Village representative 2:  At that time, the grasslands were excellent even if this place was partially agricultural and partially grazing area. There was not much cultivated land around here, and no 3 to 5 years’ severe droughts like today. Longest drought at that time was a year or half.

According to Zalaid Banner State Land Resource Bureau, the Banner has cultivated  98,000 mu (approximately 6,670 hectares) in total of grasslands since 1996. The renters are required to pay only 30 yuan (approximately 3.50 US dollars) per mu (0.067 hectare) per year. Thirty percent of this money becomes the Banner Government income and seventy percent goes to the Sum Government. Based on this calculation, Zalaid Banner Government and Sum Governments that provided lands for cultivation have earned at least 23 million yuan (approximately 3 million US dollars) from land contract business. This means the governments have made a considerable amount of money. However, the question is, has the living standard of the local people also improved accordingly?

Villager 4: Not a single penny is for the local people. All the money went into government officials’ pockets.

Villager 5: That is true, local people’s life is really miserable.

Yao-Ulaan Village has 75 households, but now the whole village has only less than 5,000 mu grazing land. Many households have sold all of their livestock due to the lack of grazing lands. The village’s only elementary school remains in disrepair since its collapse 4 years ago because of the desperate poverty. Twelve year old boy Bao-shun dropped out from school a long time ago and now his family has only one cow. Bao-shun’s daily job is to take care of his family’s only cow.

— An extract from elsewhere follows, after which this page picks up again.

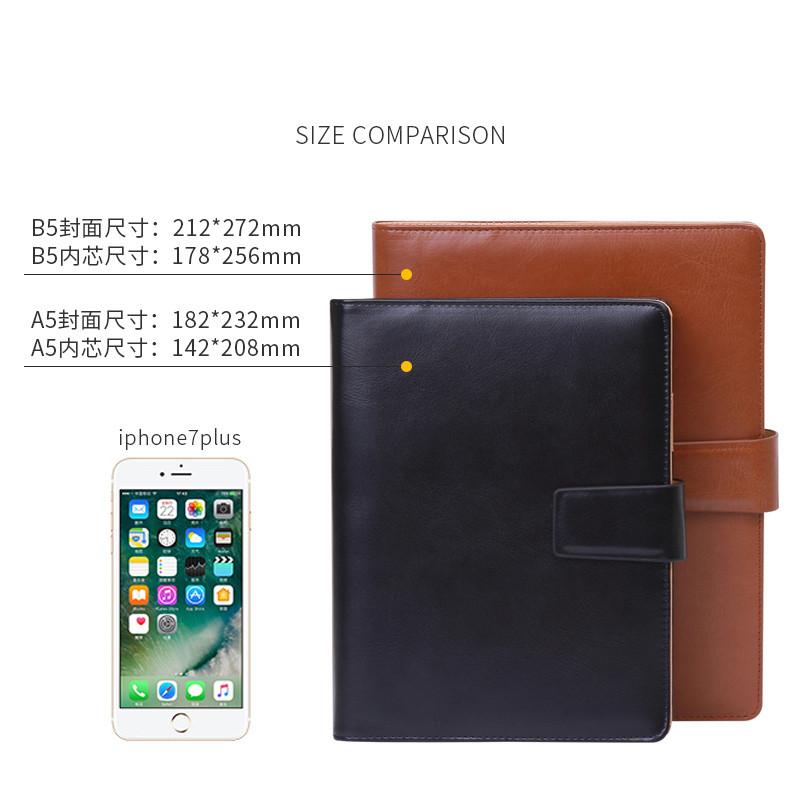 A5 6-Ring Notebook with 100 Sheets PU Leather Spiral Bound College Diary Featuring Phone Holder and Pockets Style Loose-leaf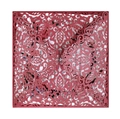 Invito a nozze rosso scuro tagliato al laser con pizzo floreale e finitura glitterata - Rosso scuro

In order to rent the grasslands for cultivation, the government has made up the “cultivable wasteland” term, a term that does not exist in land resource vocabulary. Under the guise of this term, they have nearly turned over the entire soil of the virgin grasslands in this Banner. Day after day, the cultivated land has gradually been turning to desert. The fake wasteland now has become real wasteland. The desert is expanding and drought is on a rampage, and if one wants to recover the ecosystem it could take at least two to three hundred years. The contractors and the officials who contracted the land have already gone, but the desert is left forever to the local people. It is extremely distressing that similar cases are still happening in our region (Inner Mongolian Autonomous Region)’s eastern grassland and grassland cultivation is still out of control. The once beautiful grasslands have already lost their beauty forever.